The footage that appeared on Twitch was posted from an account created two months ago.
The assailant identified himself in accented English as “Anon” before denying the Holocaust, complaining about feminism and immigration and saying that “the root of all these problems is the Jew.”
He then drove to a synagogue on Halle’s Humboldt Street, an arsenal of weapons visible in his car. He struggled to enter the synagogue. After a woman spoke to him as she passed in the street, he shot her in the back, and then shot her several more times after she collapsed.
Unable to enter the synagogue even after shooting at the door, he drove to a kebab shop. He fired at two men cowering behind a beverage machine and then went outside, where he fired at several pedestrians. Later, he re-entered the shop and shot the body of one victim several times.

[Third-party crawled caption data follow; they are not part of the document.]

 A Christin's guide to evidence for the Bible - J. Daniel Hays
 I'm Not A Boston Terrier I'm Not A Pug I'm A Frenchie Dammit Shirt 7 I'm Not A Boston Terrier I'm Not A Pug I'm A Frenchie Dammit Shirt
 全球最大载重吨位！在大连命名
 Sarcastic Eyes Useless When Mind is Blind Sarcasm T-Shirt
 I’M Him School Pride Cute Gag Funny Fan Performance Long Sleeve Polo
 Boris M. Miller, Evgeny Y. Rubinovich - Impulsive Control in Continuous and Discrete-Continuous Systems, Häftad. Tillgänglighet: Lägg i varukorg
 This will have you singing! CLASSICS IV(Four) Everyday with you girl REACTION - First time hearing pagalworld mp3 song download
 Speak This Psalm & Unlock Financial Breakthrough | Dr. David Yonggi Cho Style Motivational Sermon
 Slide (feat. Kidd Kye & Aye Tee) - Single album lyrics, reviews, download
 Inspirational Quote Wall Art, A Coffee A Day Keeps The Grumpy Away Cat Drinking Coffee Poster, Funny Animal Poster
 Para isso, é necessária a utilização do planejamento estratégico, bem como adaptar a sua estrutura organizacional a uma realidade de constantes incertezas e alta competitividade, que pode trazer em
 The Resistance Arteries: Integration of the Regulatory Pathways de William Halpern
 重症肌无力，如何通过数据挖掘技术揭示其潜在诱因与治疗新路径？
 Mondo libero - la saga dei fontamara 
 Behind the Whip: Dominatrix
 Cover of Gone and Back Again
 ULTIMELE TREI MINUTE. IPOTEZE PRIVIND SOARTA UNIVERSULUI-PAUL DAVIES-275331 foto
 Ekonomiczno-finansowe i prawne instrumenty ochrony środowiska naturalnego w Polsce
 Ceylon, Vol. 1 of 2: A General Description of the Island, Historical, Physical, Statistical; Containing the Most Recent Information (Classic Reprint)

Twitch has doubled the number of moderators it employs this year, though it would not specify how many.
The company has been trying to broaden its appeal beyond video games, courting advertisers and soliciting content from artists, musicians, chefs and others.
Emmett Shear, the chief executive of Twitch, said at the company’s Twitchcon event in San Diego last month that safety was “a big concern,” acknowledging that users had been disappointed in the platform’s moderation practices after encountering “a lot of issues.”
“We haven’t always been consistent in our enforcement,” he said. “You have to remember we have to do this 24/7, in many different languages, in many different countries and time zones.”
He said improving Twitch’s moderation process, clarifying its community guidelines and providing more transparency would be “a perpetual investment for us.”
“It’s one of the biggest challenges facing every social media service on the internet, and particularly facing Twitch,” he said.